### INSTRUCTIONS TO FOLLOW
Set out exactly, line by line, the stretch of data below that begins at the line containing "ツイードデニムGジャン" and ends at the line containing "Starbucks Korea x", with both ends kept.

### RECORDS PROVIDED
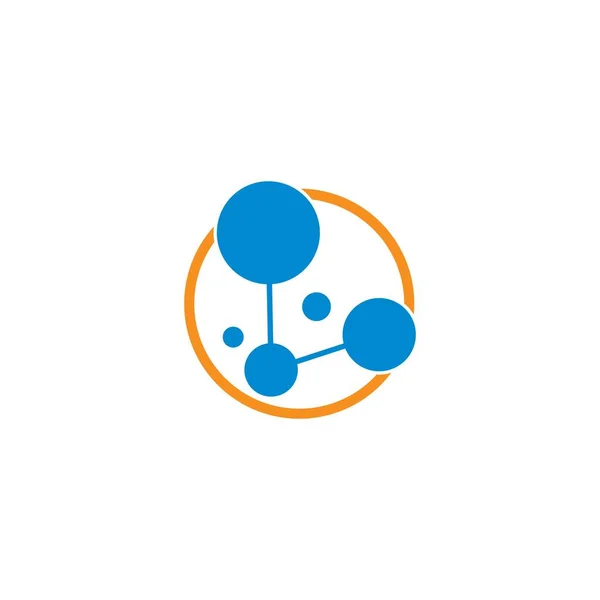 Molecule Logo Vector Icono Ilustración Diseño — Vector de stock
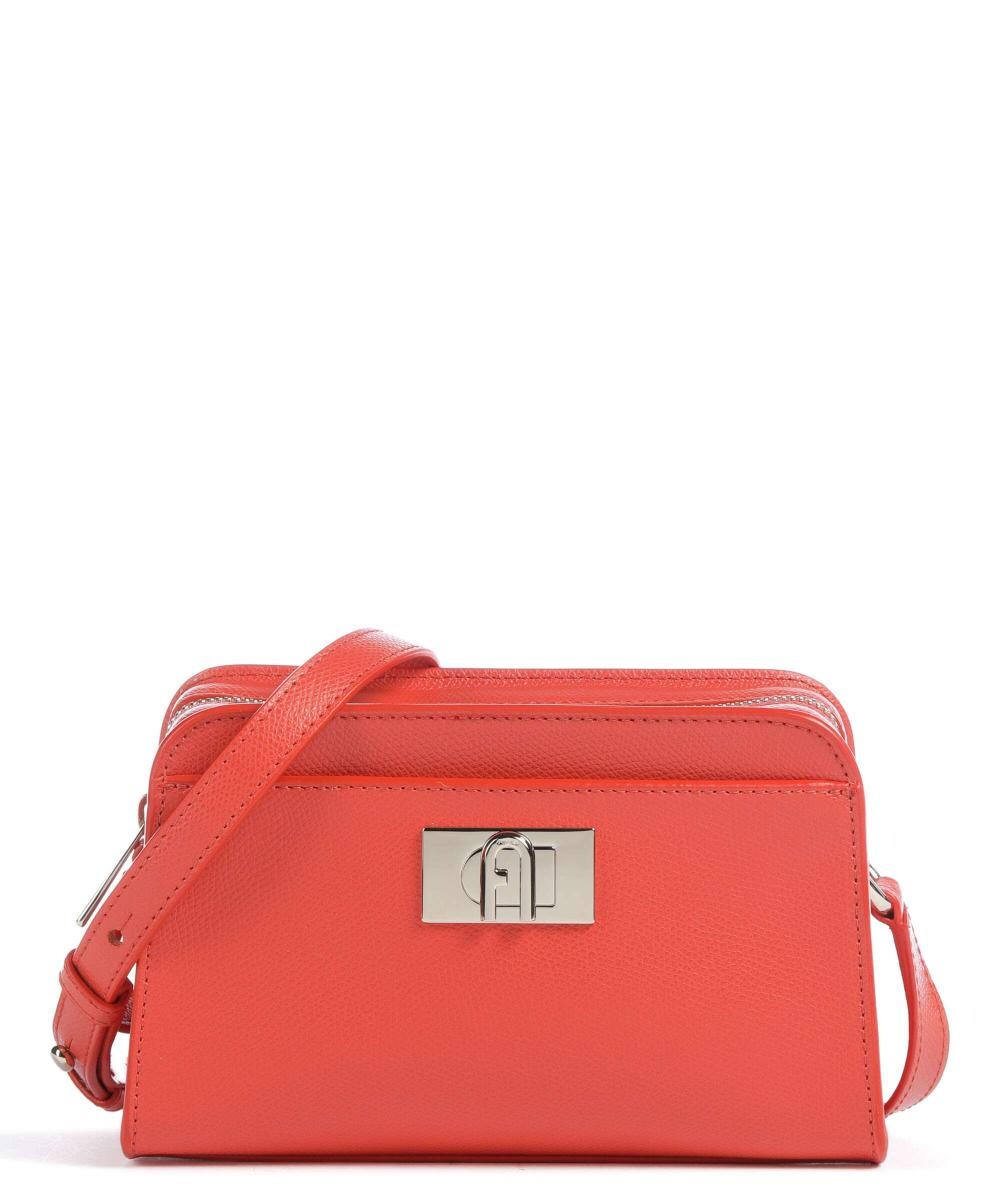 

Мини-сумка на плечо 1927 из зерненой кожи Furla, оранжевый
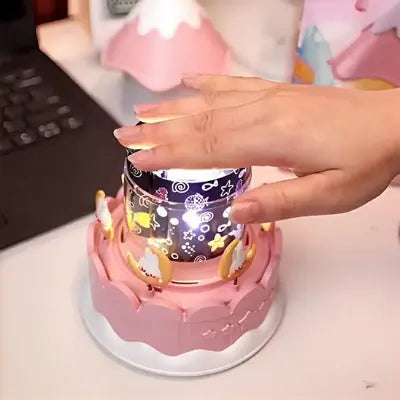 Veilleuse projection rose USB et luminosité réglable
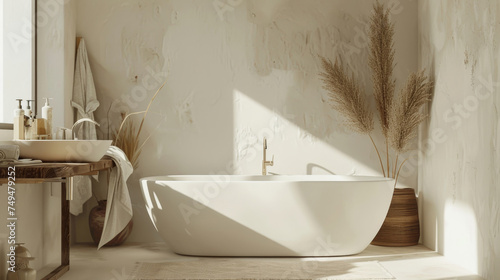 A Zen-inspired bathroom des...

---

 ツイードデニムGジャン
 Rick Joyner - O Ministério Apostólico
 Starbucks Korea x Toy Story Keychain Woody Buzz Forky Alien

...

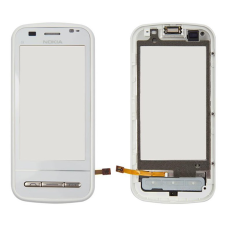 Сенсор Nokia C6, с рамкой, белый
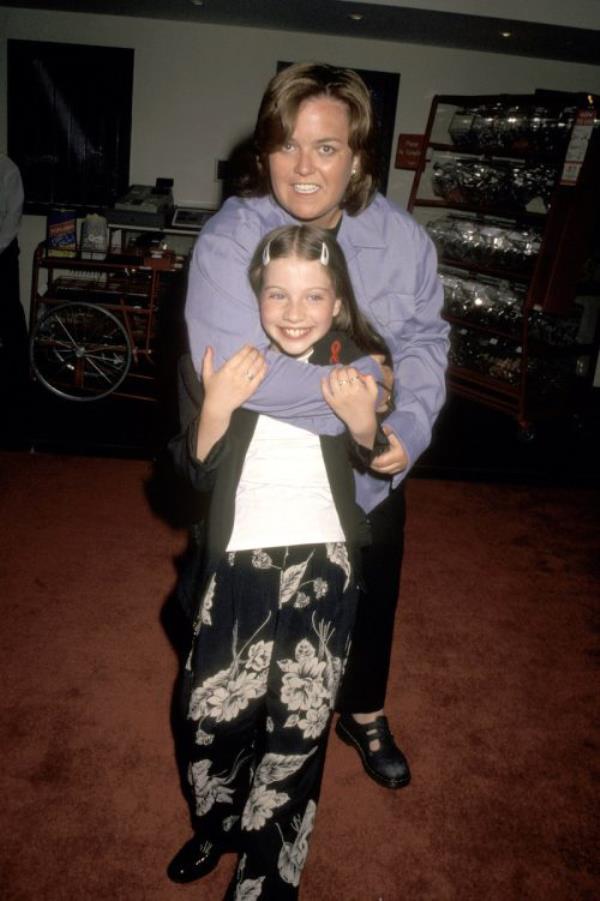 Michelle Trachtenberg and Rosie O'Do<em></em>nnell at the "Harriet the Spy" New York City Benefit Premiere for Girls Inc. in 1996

### OUTPUT FOR THIS EXERCISE
 ツイードデニムGジャン
 Rick Joyner - O Ministério Apostólico
 Starbucks Korea x Toy Story Keychain Woody Buzz Forky Alien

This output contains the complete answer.